Las Grutas could be one of Argentina’s best beaches, but then it isn’t exactly a beach. There is plenty of sand, but by the time you get to the water the sand gives way to a hard plateau of stone that eventually drops off if you wander too far out along the slippery rocks.

When the tide begins to go down, the flat nature of the underlying bedrock makes the water seem to disappear immediately, leaving nothing but flat rock and a few deep swimming pools that have been cut into the rock.

The grottos are the coolest place to spend the hot hours of the day, which during the summer last well past sunset. On the coastal edge of a desert, Las Grutas boasts some of the hottest temperatures in Argentina. The hot air means that even the seawater is hot, (sometimes up to 25 degrees Celsius!), so many people bring their towels and beach chairs into the cave-like pockets of Las Grutas’ namesake.

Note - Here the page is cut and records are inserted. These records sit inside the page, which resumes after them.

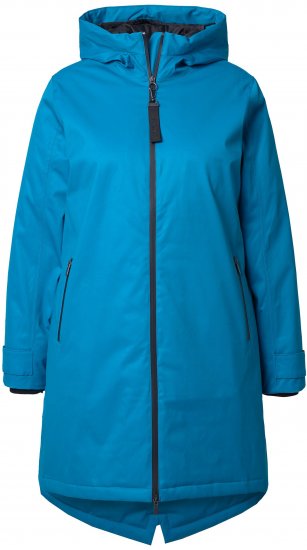 Ulla Popken HYPRAR Triple-Function Longline Jacket Turquoise - Takit - 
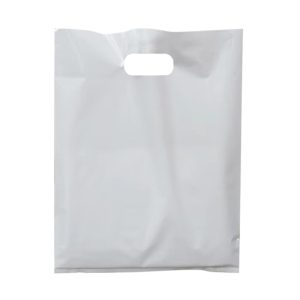 Carrier Bags Plaine white 22" x 18" x 3" - 500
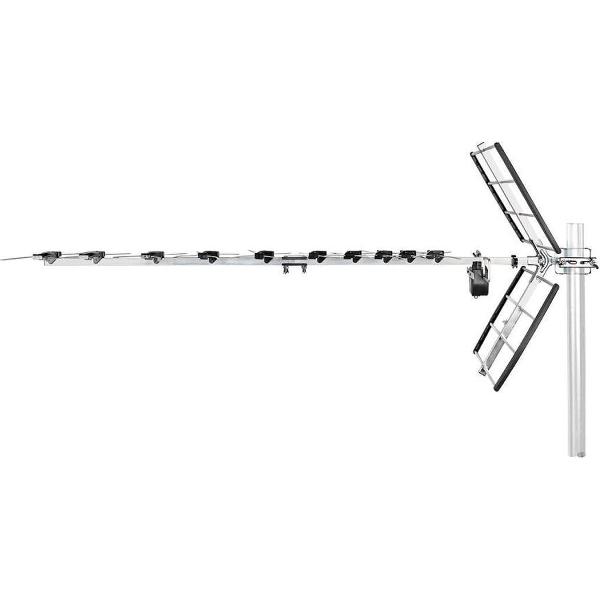 TV-Antenne voor Buiten | Max. 13 dB Versterking | UHF: 470 - 694 MHz | 13 Componenten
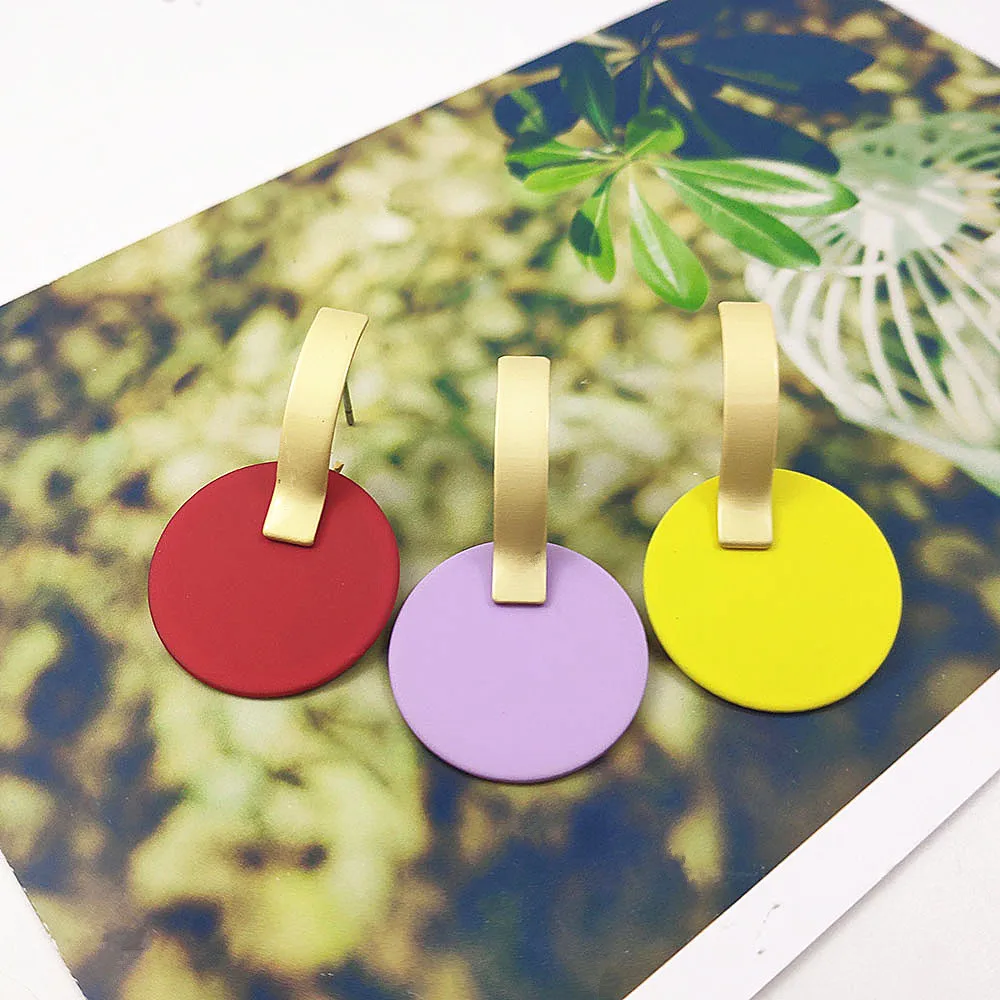 

Fashion Irregular Earrings Matte Golden Wave Drop Earrings Geometric Earrings for Women Wedding Jewelry Earrings 2019 P909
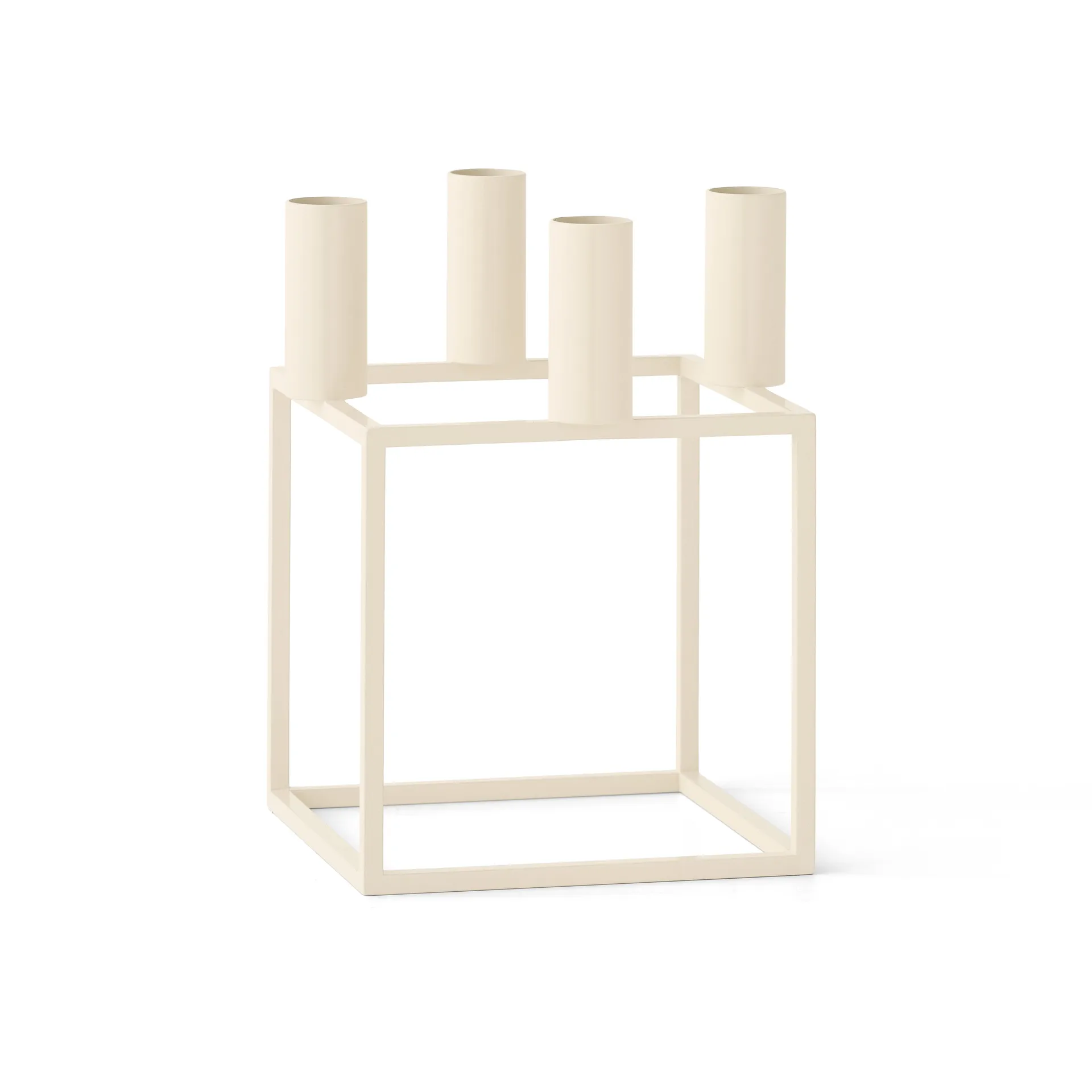 Kubus 4 Kerzenhalter, Ivory Audo Copenhagen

A little over 1000 km from Buenos Aires, Las Grutas is situated on the northwest corner of the San Matías Gulf in the Río Negro province. The town’s development is fairly recent. The first people moved into Las Grutas only seventy years ago but the basic settlement really didn’t begin to grow until the Eighties, when businessmen began to invest in the area. It grew in popularity after that, eventually becoming a sort of Mar de Plata for tourists from Patagonia and the rest Argentina’s interior.

Sunset over the cliffs of Las Grutas, Photo by por mar11 /Arte & Fotografia Creative Commons License.
Sunset over the cliffs of Las Grutas, photo by por mar11 /Arte & Fotografia Creative Commons License.

Today the beaches along the village are nearly as packed as Argentina’s more well-known beach resorts like Pinamar and Mar de Plata. Investment has built up a large selection of restaurants lining an attractive pedestrian boardwalk while others serve candlelit dinner on patios hanging right over the cliff-side.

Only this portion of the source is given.